Data entries →

»»

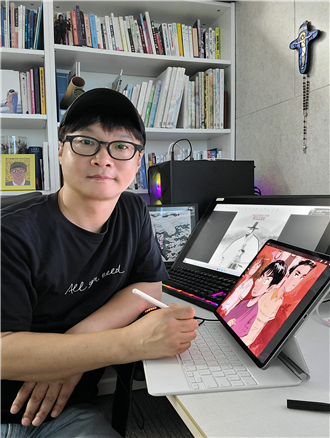 부산글로벌웹툰페스티벌 총감독 남정훈 작가 공로상 수상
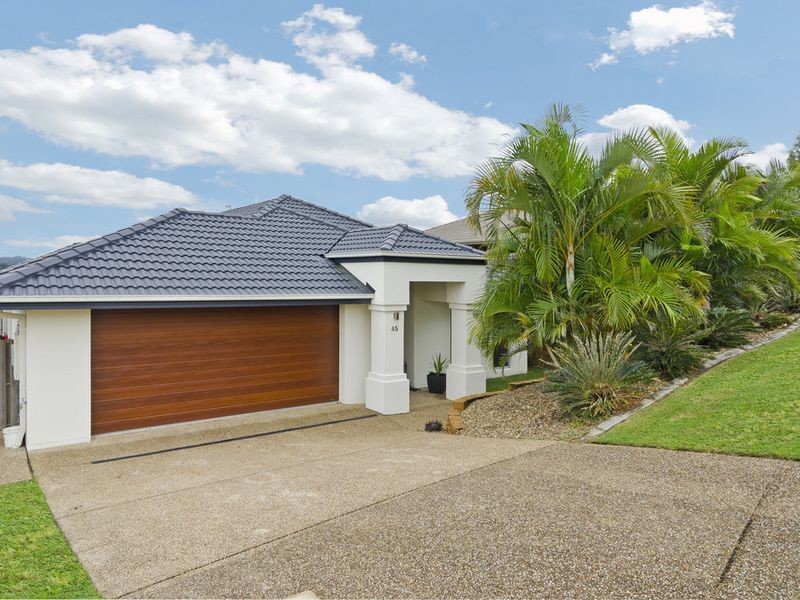 45 Angourie Crescent, Pacific Pines QLD 4211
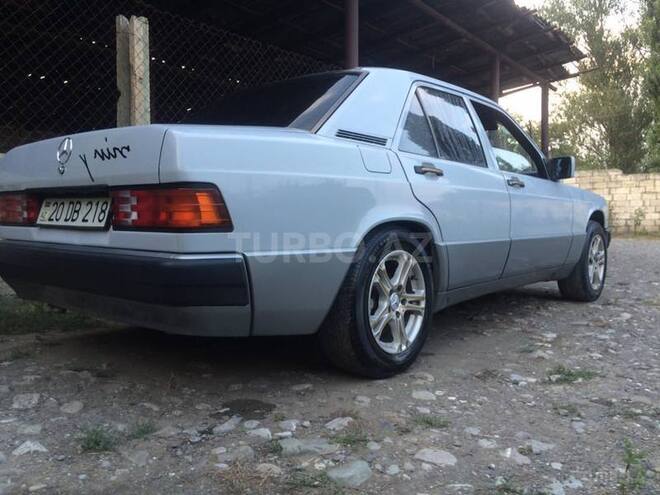 Mercedes 190 1992, 170,000 km - 2.0 l - İsmayıllı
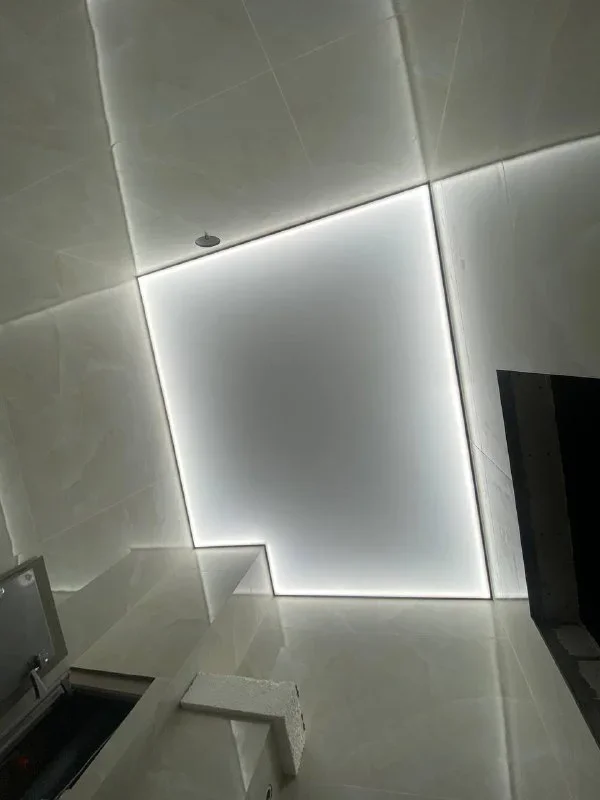 Светящийся натяжной потолок в ванную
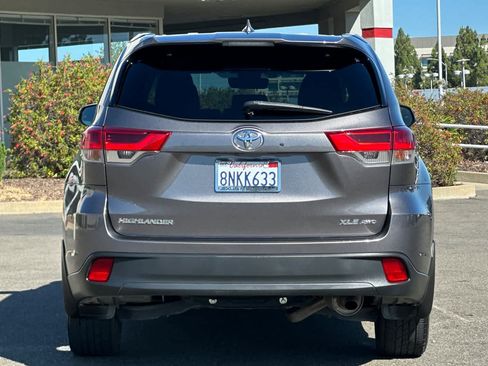 Used 2019 Toyota Highlander XLE AWD/4WD image 8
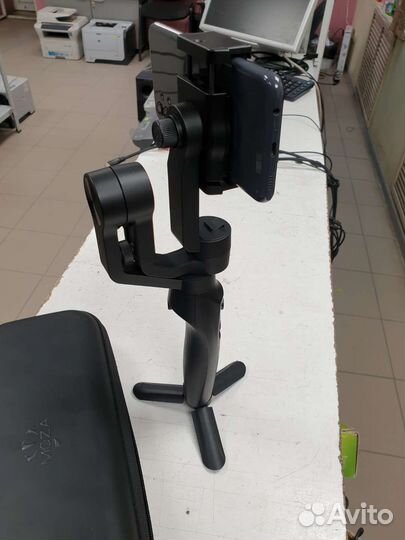 Электрический стабилизатор для смартфона Moza Mini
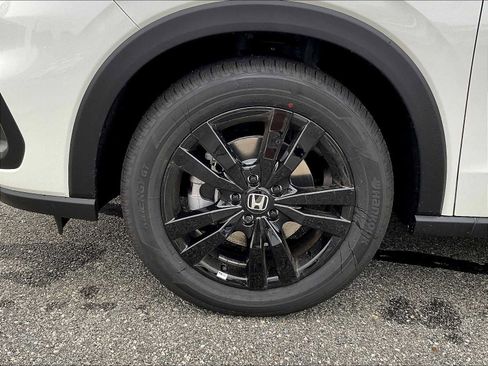 New 2026 Honda HR-V Sport image 8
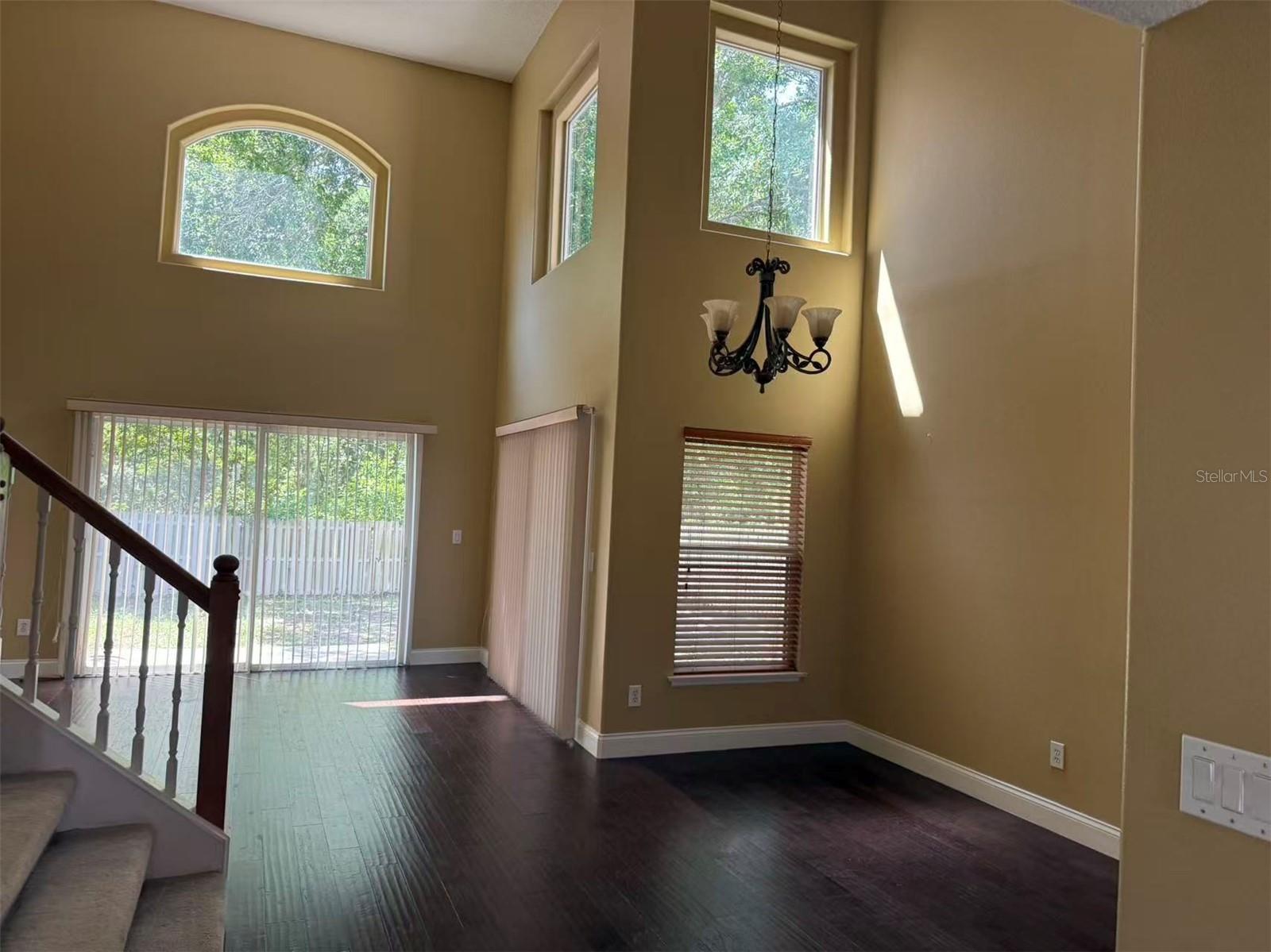 Image 2 of 19 For 1746 Mandavilla Drive
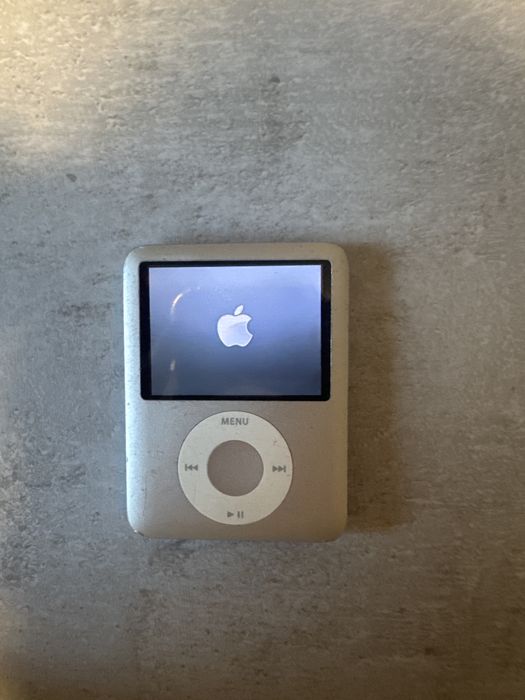 Ipod  nano 4 na 4 gb.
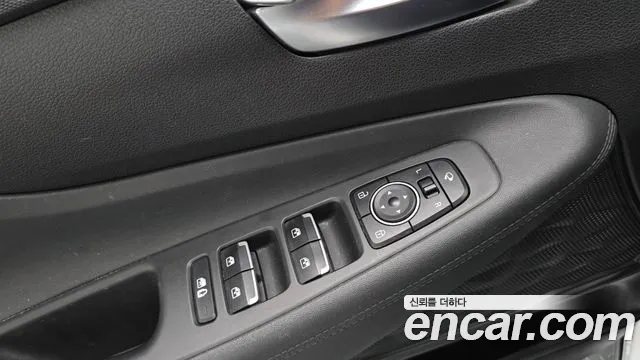 Hyundai Santafe Новый Santa Fe Дизель 2.2 4WD — Фото автомобиля 16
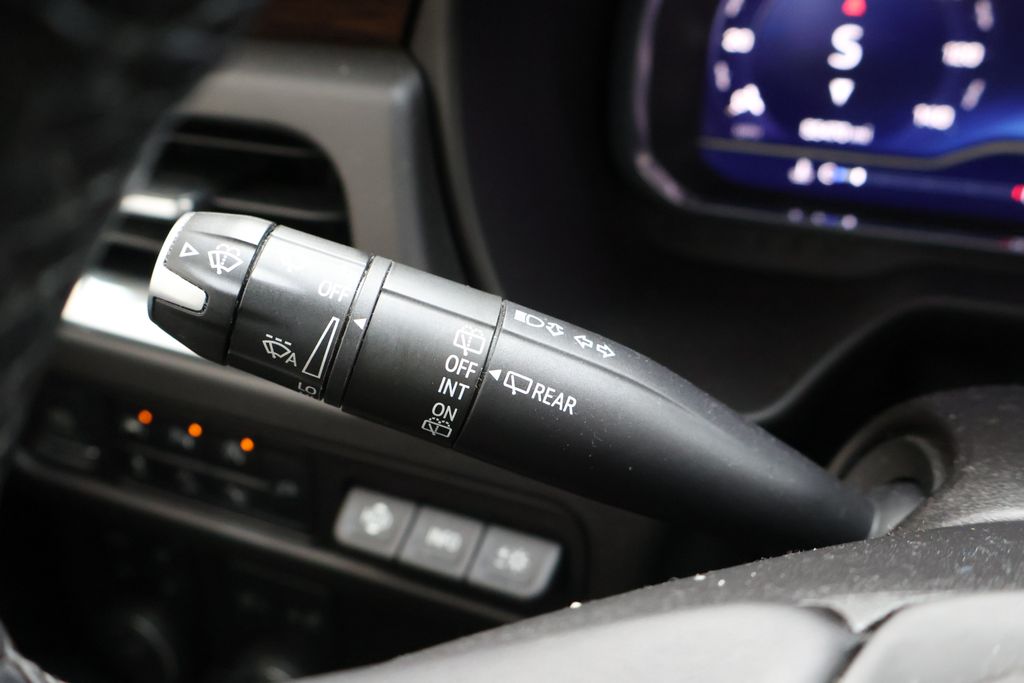 Thumbnail: 2022 Chevrolet Tahoe - 23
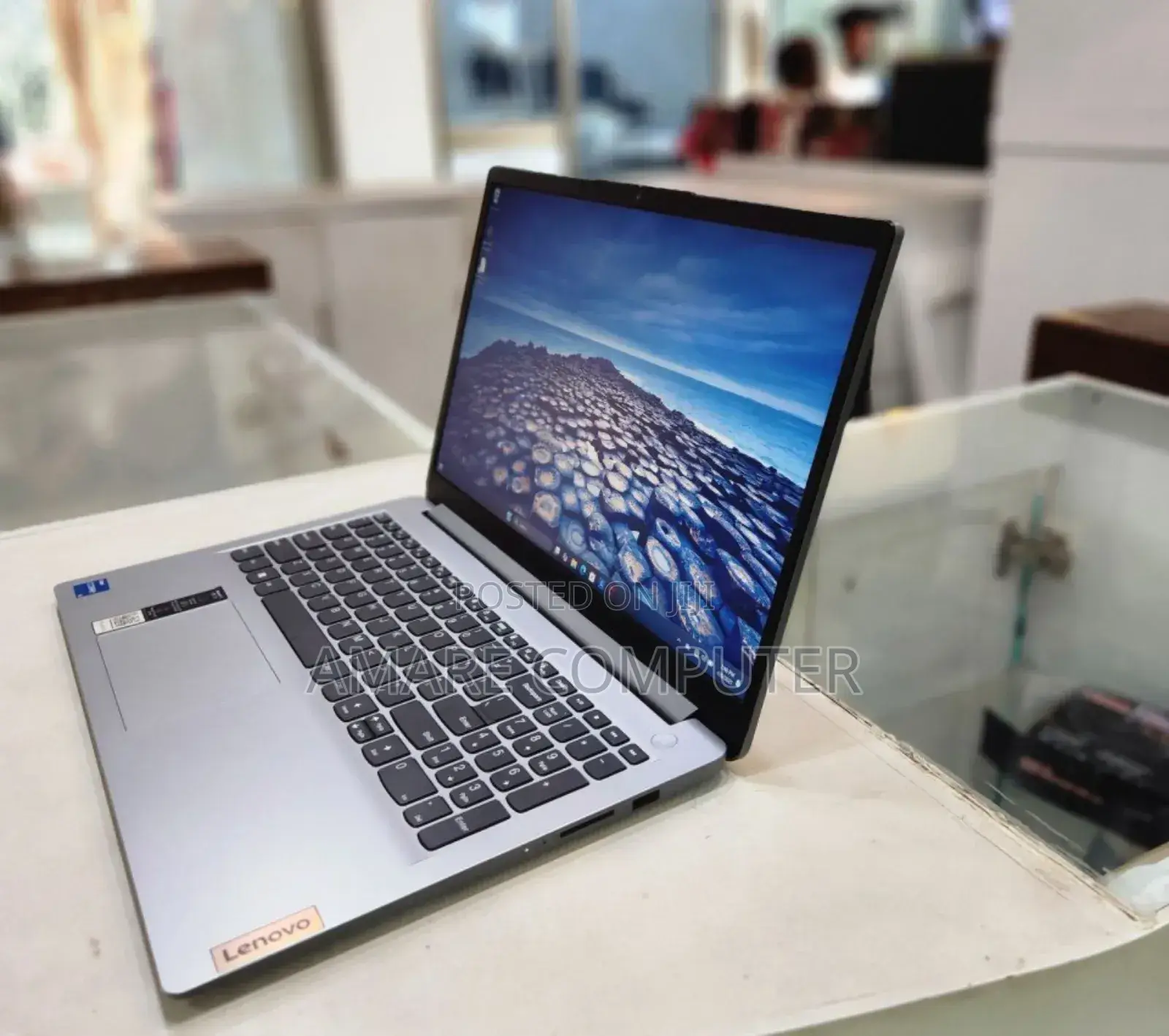 New Laptop Lenovo 8GB Intel Core I5 SSD 512GB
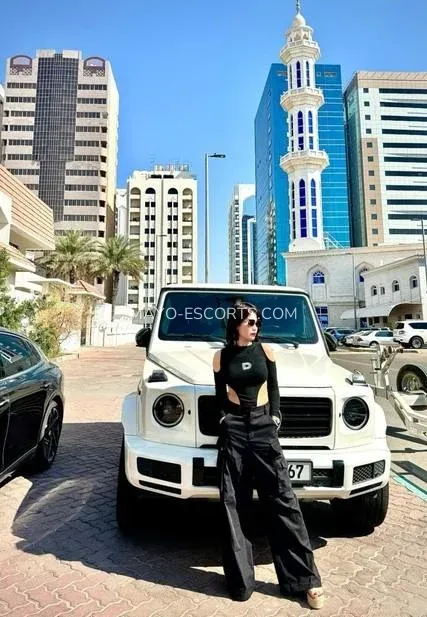 Mayo escorts Britt — 9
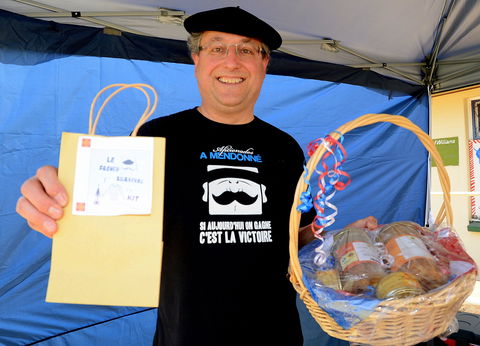 Broken Hill Community Markets - Sunshine Coast Tourism 0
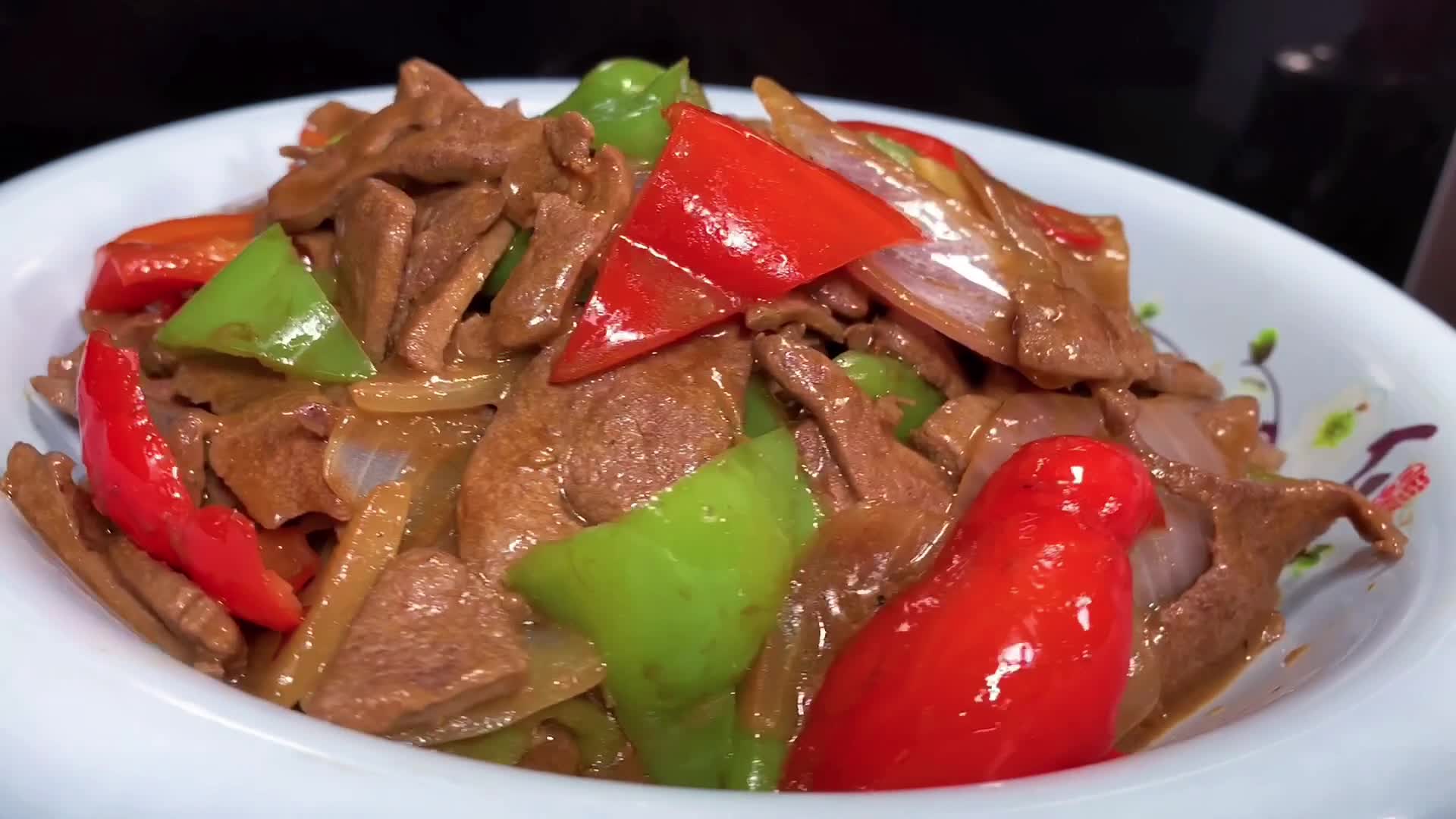 炒猪肝不要直接下锅炒,今天教会你鲜嫩不老的技巧,教程详细简单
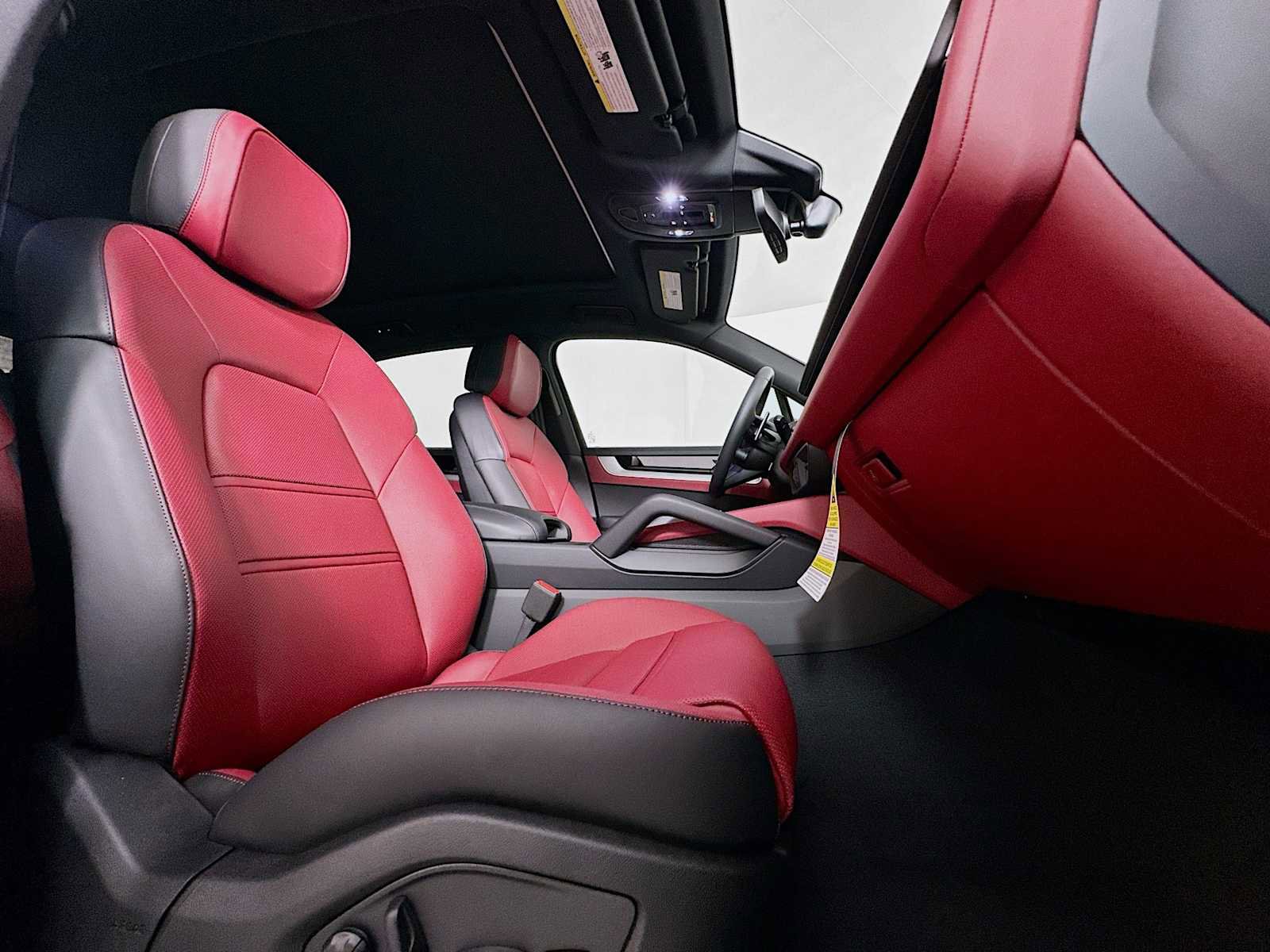 New 2026 Porsche Cayenne image 28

««

Description of the task → Copy out all the data exactly. The images should not appear in the copy.

Solution for this problem →
 부산글로벌웹툰페스티벌 총감독 남정훈 작가 공로상 수상
 45 Angourie Crescent, Pacific Pines QLD 4211
 Mercedes 190 1992, 170,000 km - 2.0 l - İsmayıllı
 Светящийся натяжной потолок в ванную
 Used 2019 Toyota Highlander XLE AWD/4WD image 8
 Электрический стабилизатор для смартфона Moza Mini
 New 2026 Honda HR-V Sport image 8
 Image 2 of 19 For 1746 Mandavilla Drive
 Ipod  nano 4 na 4 gb.
 Hyundai Santafe Новый Santa Fe Дизель 2.2 4WD — Фото автомобиля 16
 Thumbnail: 2022 Chevrolet Tahoe - 23
 New Laptop Lenovo 8GB Intel Core I5 SSD 512GB
 Mayo escorts Britt — 9
 Broken Hill Community Markets - Sunshine Coast Tourism 0
 炒猪肝不要直接下锅炒,今天教会你鲜嫩不老的技巧,教程详细简单
 New 2026 Porsche Cayenne image 28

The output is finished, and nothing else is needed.